It is true that XP2 scans with less grain, but it also (in my opinion) scans with less definition. I'll take some noise to get rid of that slightly muddy look. And sorry, I did mean the Coolscan V when I said IV (although the IV is a fine film scanner as well).
I have not personally tested the V700 (I have an adequate flatbed), but many others who know their stuff have (look at the www.largeformatphotography.info
forums and similar places for people trying to push flatbeds to their limits). I've heard nobody but Vincent at photo-i claim this performance for the Epson. I've also seen nobody able to reproduce it. Any scan I've heard about of resolution test targets shows the Epsons at about 2400 dpi (what Kirk said). These same tests show scanners like the Nikon at 3900-4000 dpi. And scans of negatives show these differences.
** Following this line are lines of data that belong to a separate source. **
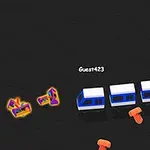 어두운 배경 위에 파란색과 흰색의 기차 모양의 도형이 이동하고 있으며, 주변에 눈에 띄는 형형색색의 작은 도형들과 오렌지색 물체들이 흩어져 있다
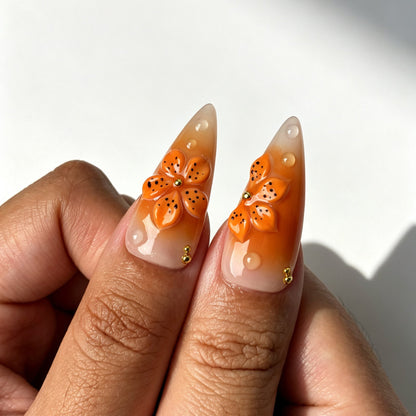 Bold stiletto press on nails, nude orange gradient, 3D orange flower, bronze swirl, amber cabochon and golden filigree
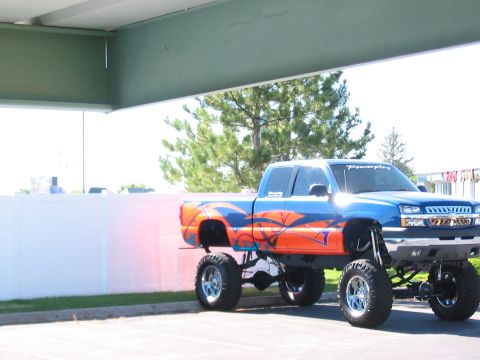 1991 Ford Bronco - A custom-painted, lifted pickup truck is parked under an overhang.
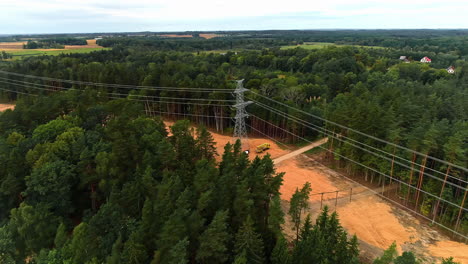 Aerial-drone-flight-over-woodland-with-construction-site-showing-worker-installing-new-transmission-towers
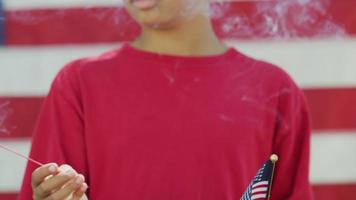 Boy with sparkler and flag on Fourth of July video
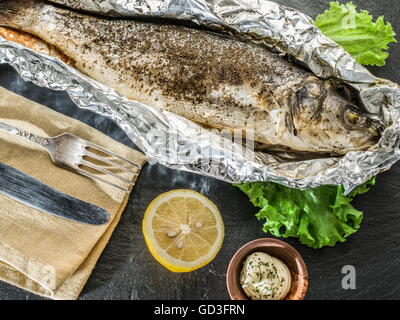 Grilled sea bass fish on the gray table. Stock Photo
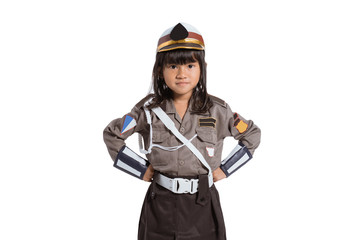 Asian little girl wearing a police uniform with two hands on her waist on an isolated background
You also have to see the raw scans---off the flatbed, they are quite fuzzy, and must have significant sharpening to be usable even for small prints. The film scans need little (or even no) sharpening to provide a good print. This sharpening has effects beyond bringing back details, and I don't much like the look of it. I think the Nikon gives 4000 dpi of high quality pixels, while the flatbed gives 2400 dpi of visibly lower quality pixels.
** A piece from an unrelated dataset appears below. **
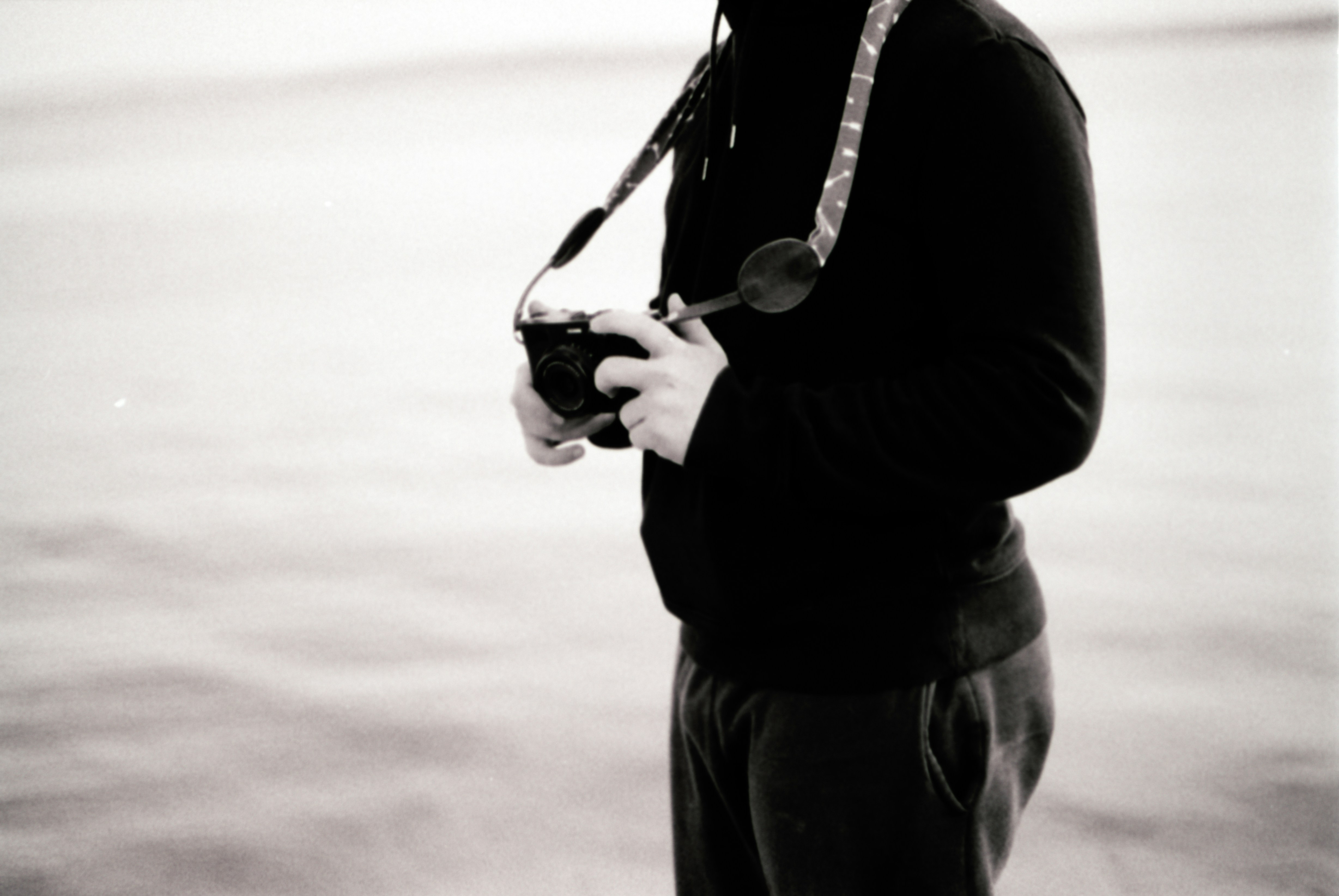 a black and white photo of a man holding a camera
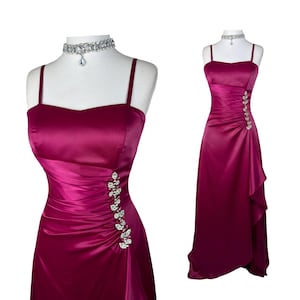 May include: A floor-length magenta satin gown featuring thin shoulder straps, a sweetheart neckline, and side-ruched detailing accented with a vertical row of clear rhinestones. The dress is displayed on a mannequin wearing a matching rhinestone choker.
I don't doubt Vincent's results or competence, but I don't think his goal was not comparison of these scanners. His test negative (distant construction cranes, if I recall correctly) meets no standard, and it is possible that it limits the ability of the test to discern the real differences between these scanners (maybe 2400 dpi is all the negative has to give).
I'm also not trying to beat up on the Epson scanners. I think they're pretty good, and might even be acceptable for your 6x6 scanning (many consider them quite good for up to 4x enlargement). Find somewhere to try it for yourself, and make prints---don't just look at screen images.
I'd wager that if you stick to 35mm film, you'll have a dedicated film scanner sooner or later.